Directed by Eileen J. Morris

APRIL 25 - MAY 24, 2009


(L-R) Kendrick "Kay" Brown, Joyce Anastasia Murray (seated), Byron Jacquet  and Bebe Wilson star in Livin' Fat Now Showing at the Ensemble Theatre through May 24th, 2009.  Photo by David Bray Photography.




A Review of the Comedy Livin’ Fat at the Ensemble Theatre

Written by Judi Ann Mason and Directed by Eileen J. Morris


By Theresa Pisula
April 30th, 2009
Houston, Texas

Judi Ann Mason was born February 2nd in Shreveport, Louisiana and is an American TV writer, producer and playwright.  While attending Grambling State University she won the Norman Lear Award for comedy writing from the Kennedy Center for the Performing Arts for her play LIVIN’ FAT.  Her TV credits include Good Times, Sanford and Son, A Different World, Beverly Hills 90210, I’ll Fly Away, American Gothic, Generations and Guiding Light. 

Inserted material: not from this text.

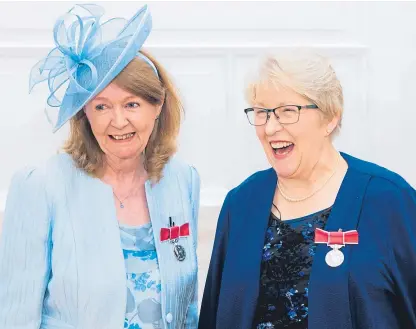  ?? Picture: Steve MacDougall. ?? Anne Pack, left, and Mairi Philp with their medals at Perth Civic Hall.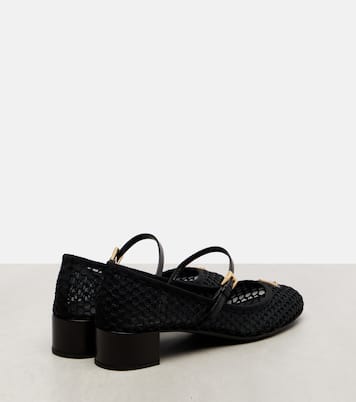 Pumps Mary Jane in mesh con pelle | Prada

It is no wonder that LIVIN’ FAT directed by Eileen J. Morris playing at the Ensemble Theatre through May 24, 2009 is as great as any All-American play running in the theatre circuit right now.  Good Times are back and it’s playing at the Ensemble Theatre, baby!!!  The evening began with both my BFF’s Ana Martinez and Judy Githae as we got off our tedious 9-to-5 job and headed out to the Canyon Café at the Galleria for Happy Hour.  After a few drinks and a few bites of their famous spicy chips and salsa this side of the Mexican border, we proceeded to go to the Ensemble Theatre at 3535 Main Street Houston, Texas. 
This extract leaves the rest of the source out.